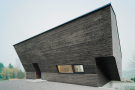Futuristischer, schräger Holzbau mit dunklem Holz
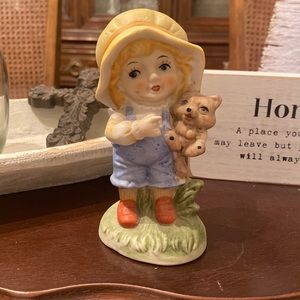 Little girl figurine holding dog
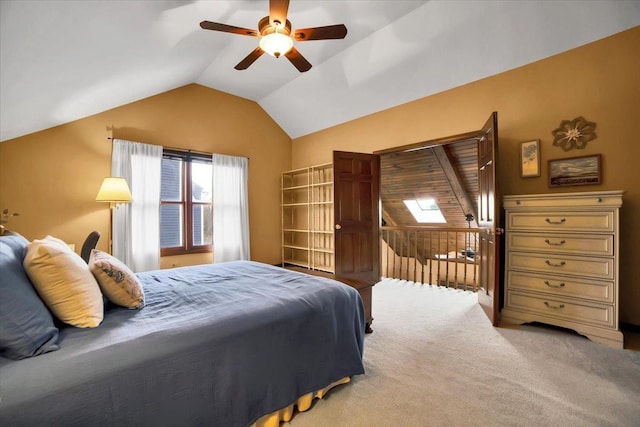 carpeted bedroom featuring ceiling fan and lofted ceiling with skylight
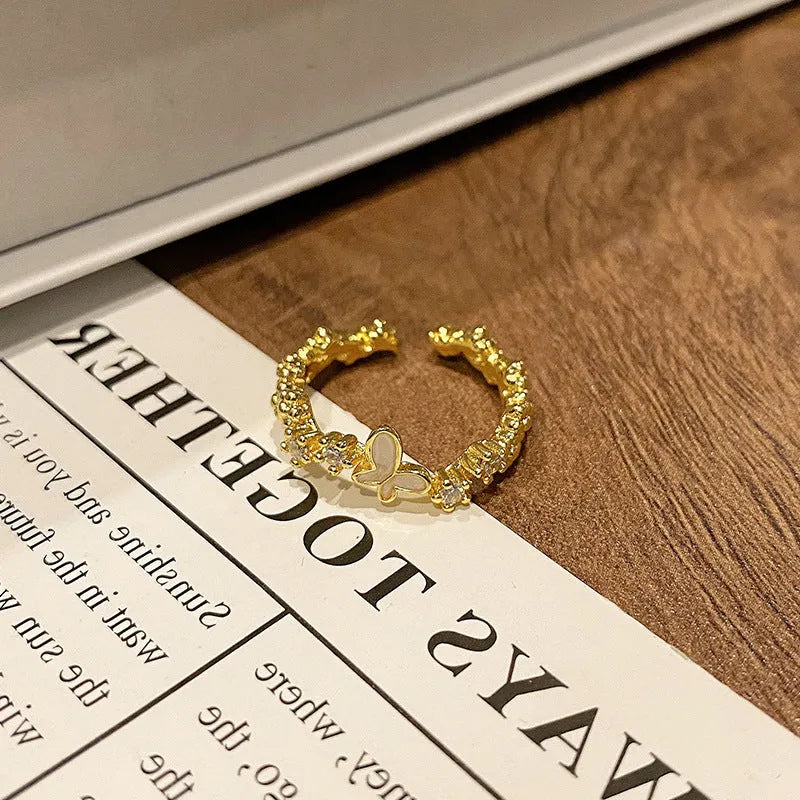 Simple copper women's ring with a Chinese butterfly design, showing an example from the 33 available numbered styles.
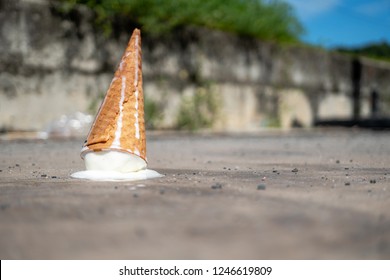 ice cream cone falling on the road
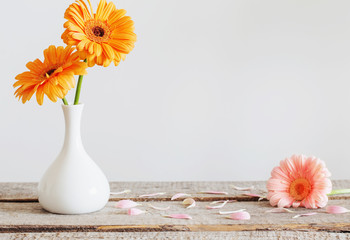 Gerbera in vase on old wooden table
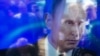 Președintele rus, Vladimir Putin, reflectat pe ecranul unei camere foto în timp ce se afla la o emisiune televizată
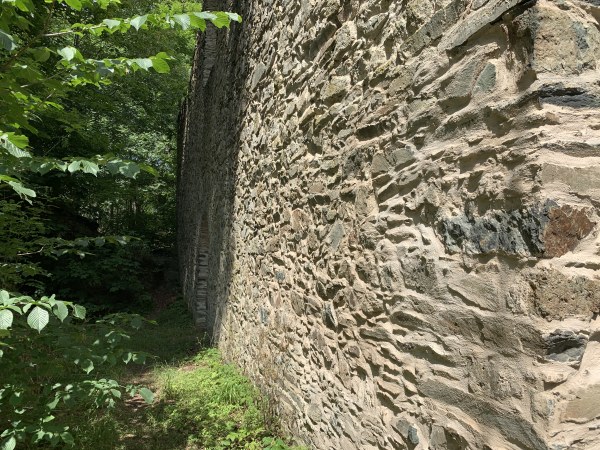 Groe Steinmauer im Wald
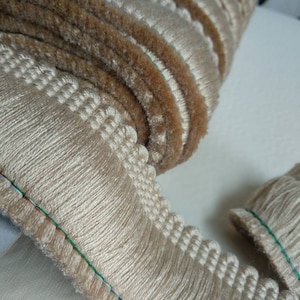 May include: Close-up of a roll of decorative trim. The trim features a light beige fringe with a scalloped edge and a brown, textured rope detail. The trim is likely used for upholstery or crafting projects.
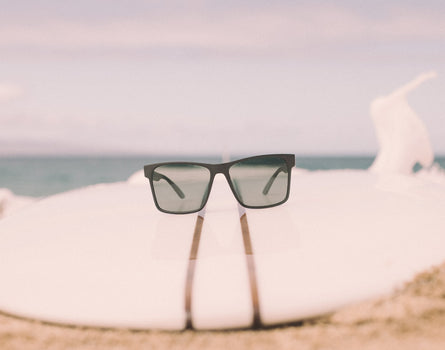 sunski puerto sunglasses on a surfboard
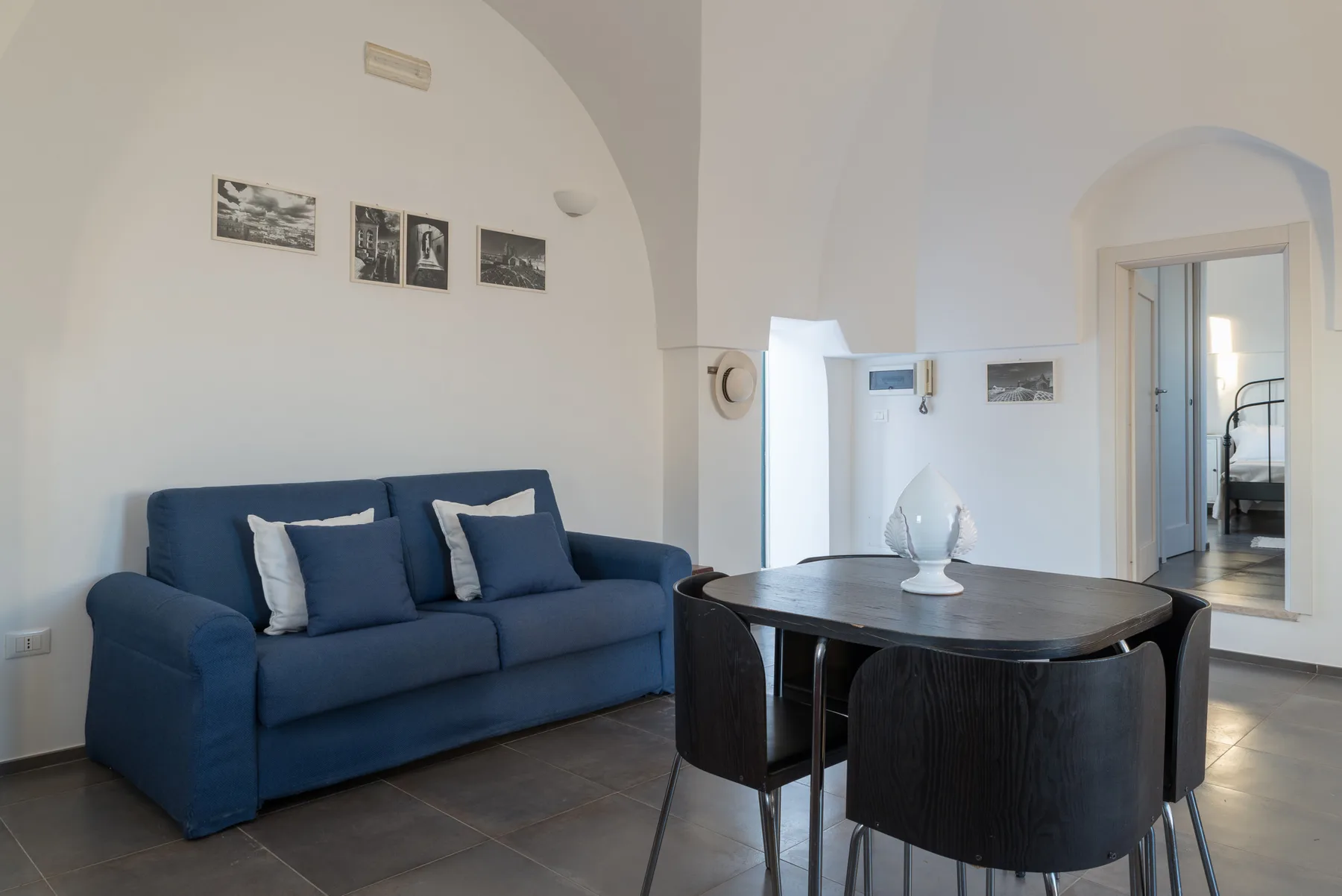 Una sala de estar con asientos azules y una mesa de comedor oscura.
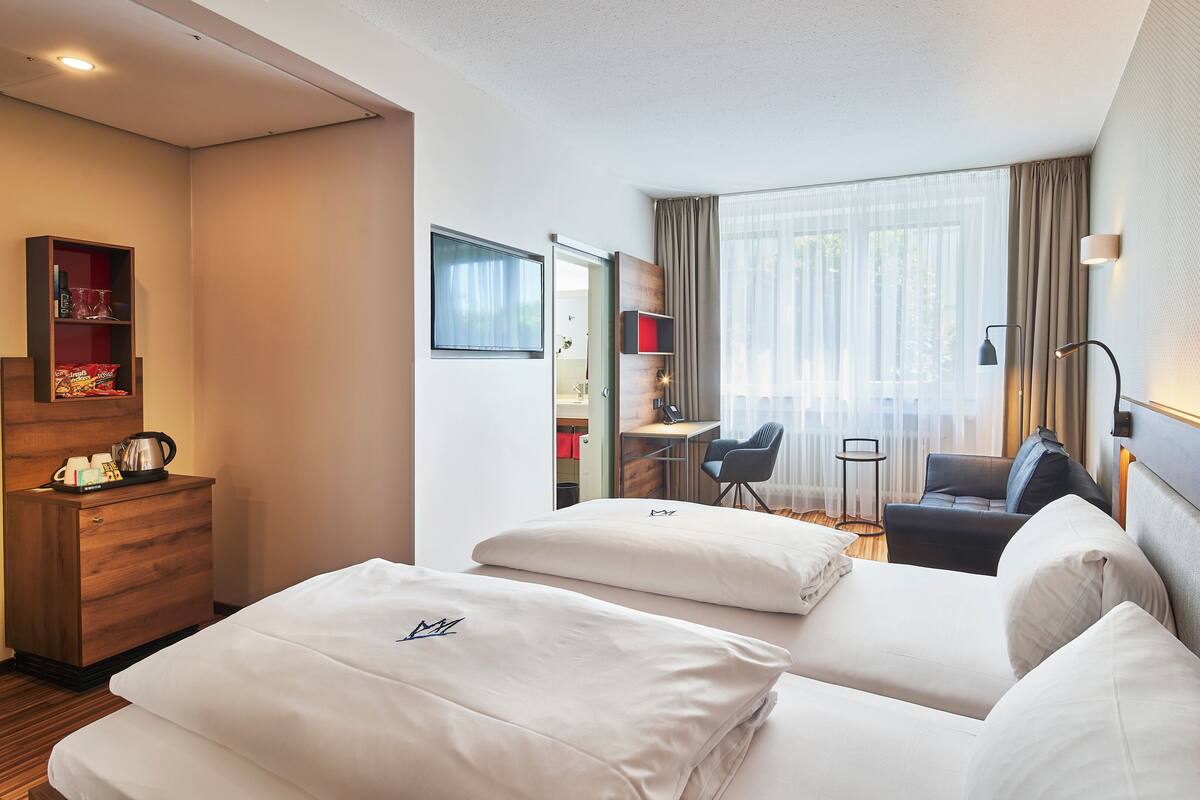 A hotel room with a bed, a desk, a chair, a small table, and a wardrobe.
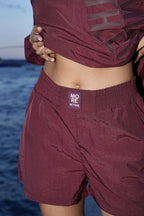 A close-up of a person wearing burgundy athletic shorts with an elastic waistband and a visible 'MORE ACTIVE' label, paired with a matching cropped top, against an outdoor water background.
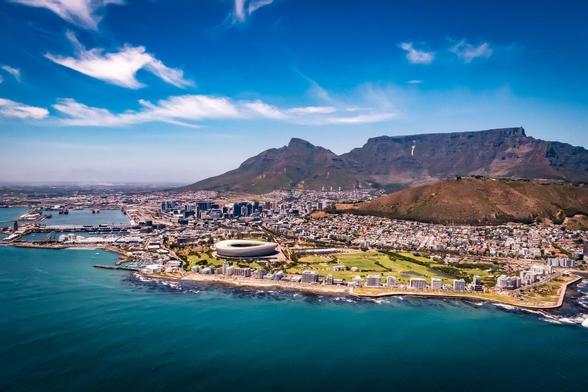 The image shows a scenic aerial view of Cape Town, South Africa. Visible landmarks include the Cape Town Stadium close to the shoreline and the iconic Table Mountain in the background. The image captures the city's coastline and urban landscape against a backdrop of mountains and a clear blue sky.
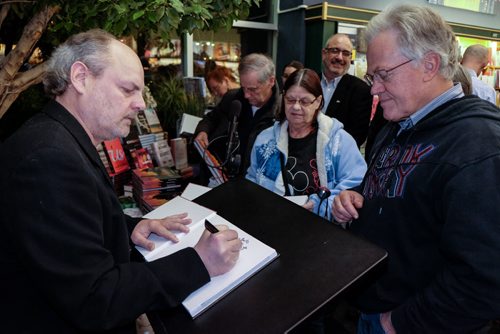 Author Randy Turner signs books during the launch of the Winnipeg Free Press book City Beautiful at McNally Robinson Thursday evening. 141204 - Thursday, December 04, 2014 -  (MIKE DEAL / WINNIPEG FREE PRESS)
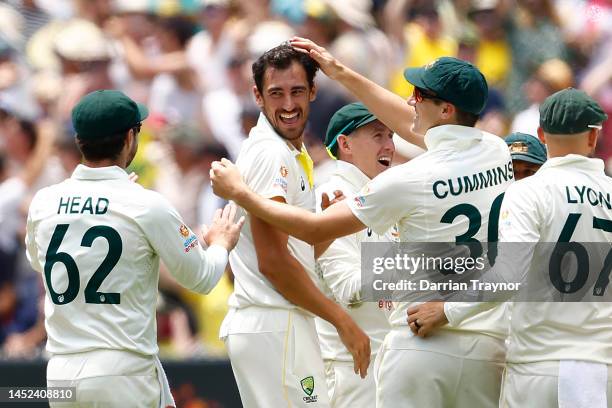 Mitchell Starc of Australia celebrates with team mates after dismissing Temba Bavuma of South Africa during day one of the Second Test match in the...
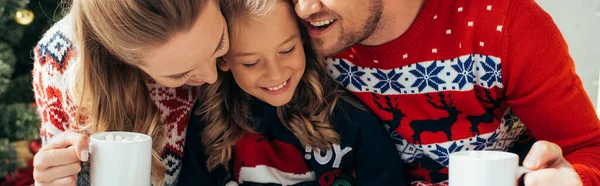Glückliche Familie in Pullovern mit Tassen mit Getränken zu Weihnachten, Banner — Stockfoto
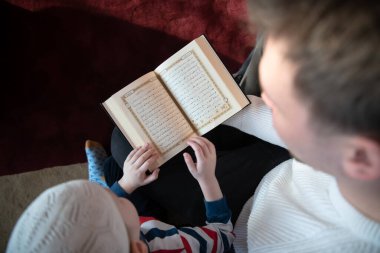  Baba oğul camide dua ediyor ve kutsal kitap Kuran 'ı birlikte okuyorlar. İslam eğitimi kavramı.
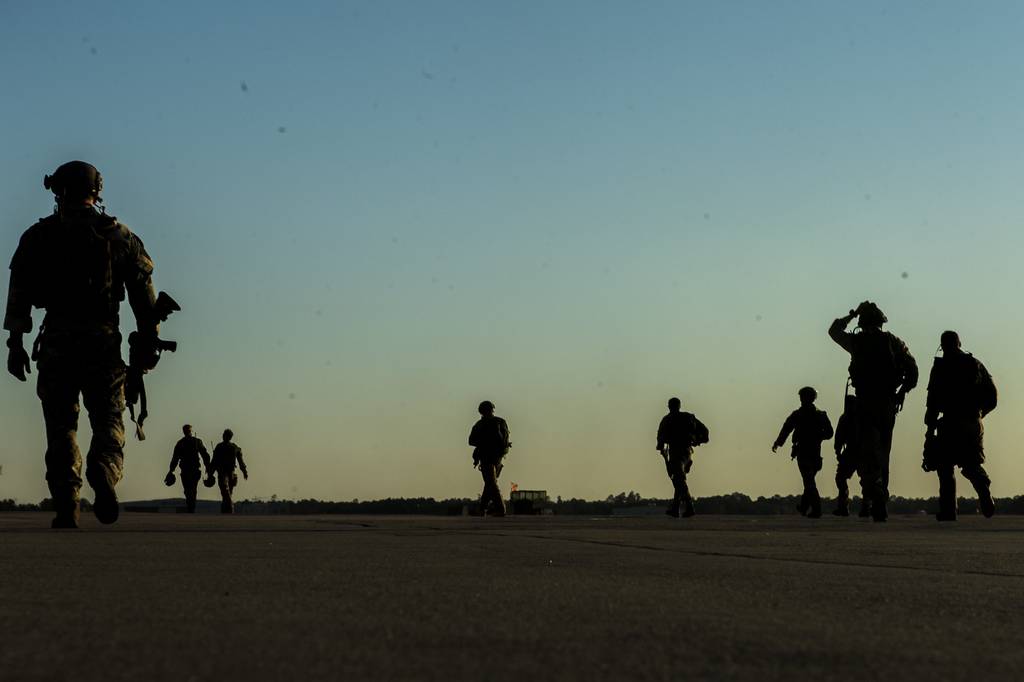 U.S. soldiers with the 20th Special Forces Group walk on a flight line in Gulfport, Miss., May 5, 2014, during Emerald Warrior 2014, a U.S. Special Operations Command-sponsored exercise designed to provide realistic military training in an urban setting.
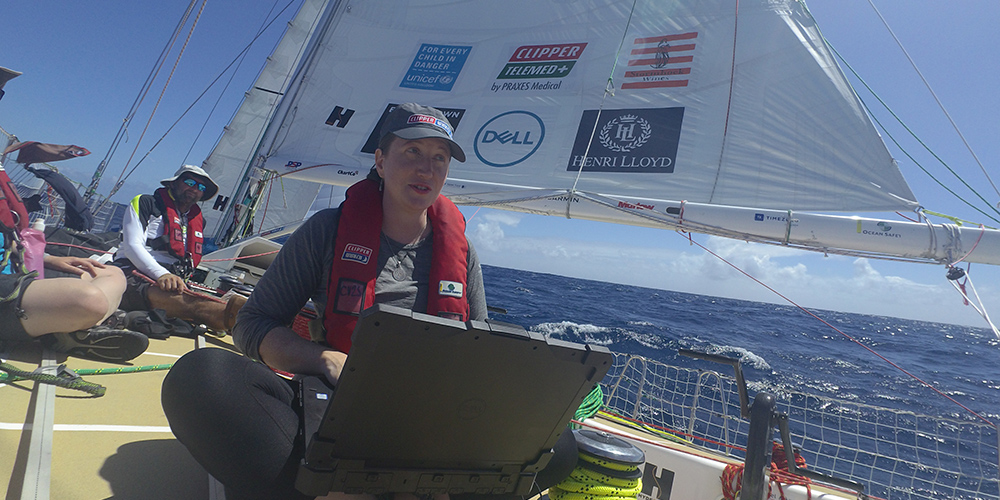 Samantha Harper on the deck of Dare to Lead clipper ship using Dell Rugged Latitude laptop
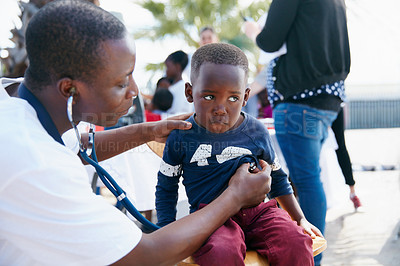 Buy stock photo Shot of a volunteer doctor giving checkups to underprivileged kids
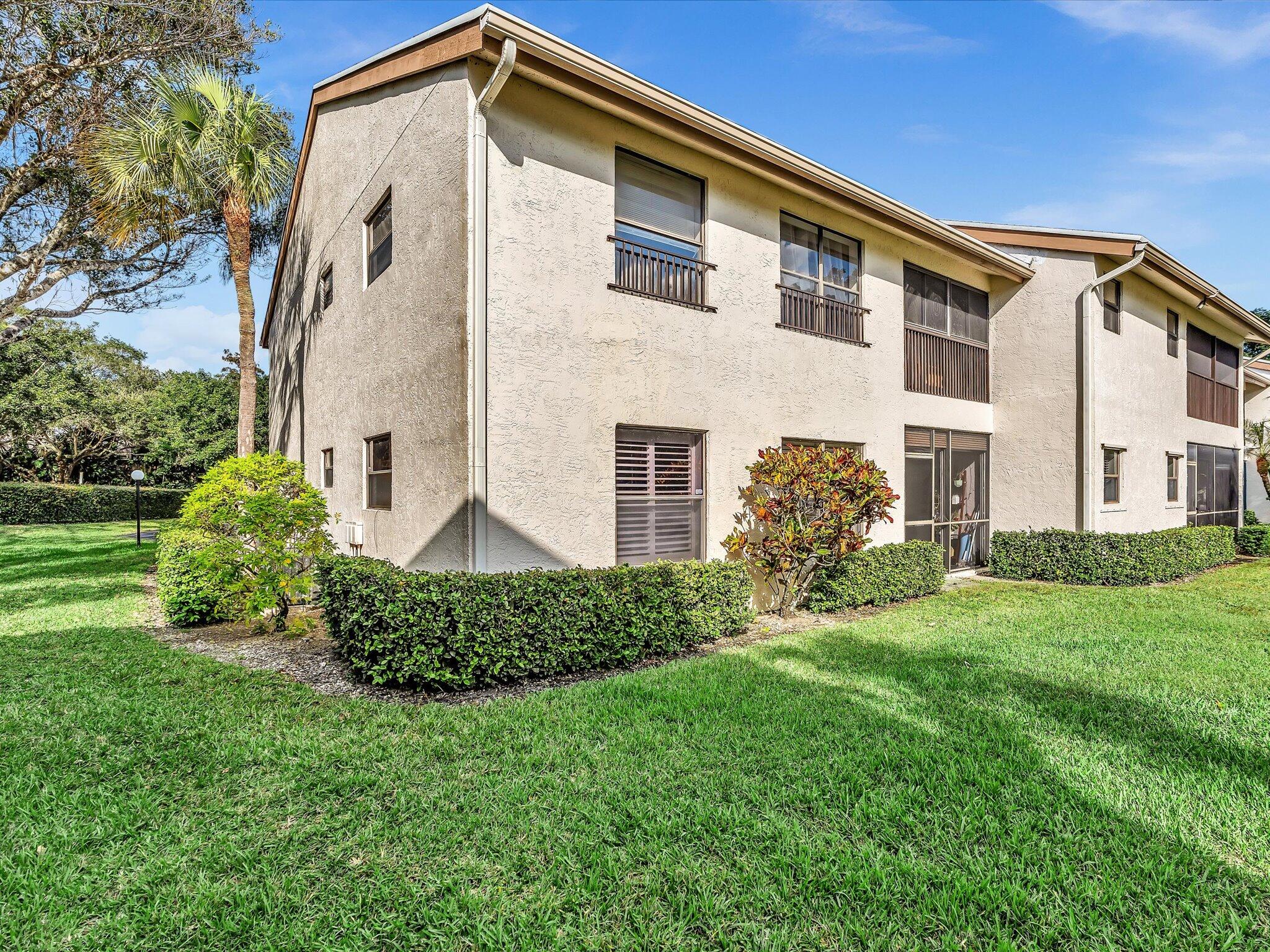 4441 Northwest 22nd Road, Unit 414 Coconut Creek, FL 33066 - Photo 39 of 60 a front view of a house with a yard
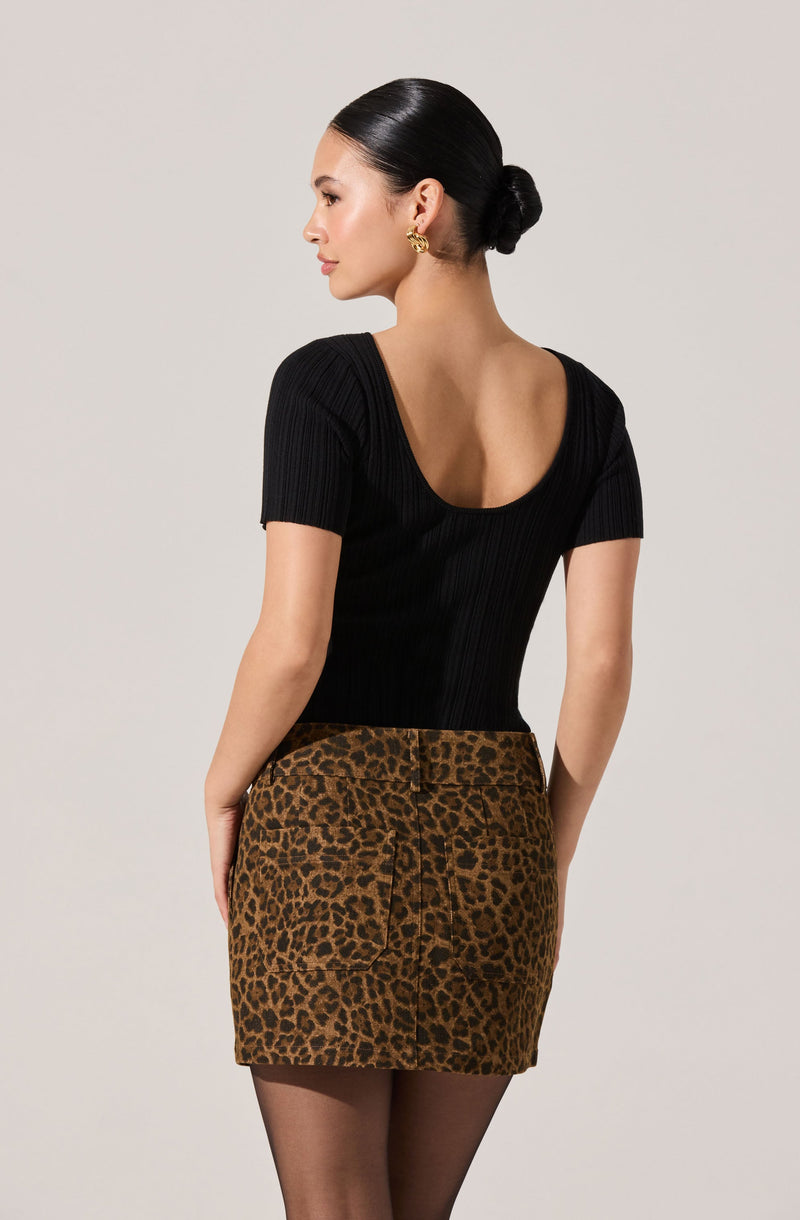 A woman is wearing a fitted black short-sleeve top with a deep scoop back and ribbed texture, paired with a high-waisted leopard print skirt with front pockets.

## Task objective
Starting with the line above that holds "A close-up of", restate each line word for word up to and including the line that holds "Glückliche Familie in". Drop the pictures.

## Task response
 A close-up of a person wearing burgundy athletic shorts with an elastic waistband and a visible 'MORE ACTIVE' label, paired with a matching cropped top, against an outdoor water background.
 The image shows a scenic aerial view of Cape Town, South Africa. Visible landmarks include the Cape Town Stadium close to the shoreline and the iconic Table Mountain in the background. The image captures the city's coastline and urban landscape against a backdrop of mountains and a clear blue sky.
 Author Randy Turner signs books during the launch of the Winnipeg Free Press book City Beautiful at McNally Robinson Thursday evening. 141204 - Thursday, December 04, 2014 -  (MIKE DEAL / WINNIPEG FREE PRESS)
 Mitchell Starc of Australia celebrates with team mates after dismissing Temba Bavuma of South Africa during day one of the Second Test match in the...
Glückliche Familie in Pullovern mit Tassen mit Getränken zu Weihnachten, Banner — Stockfoto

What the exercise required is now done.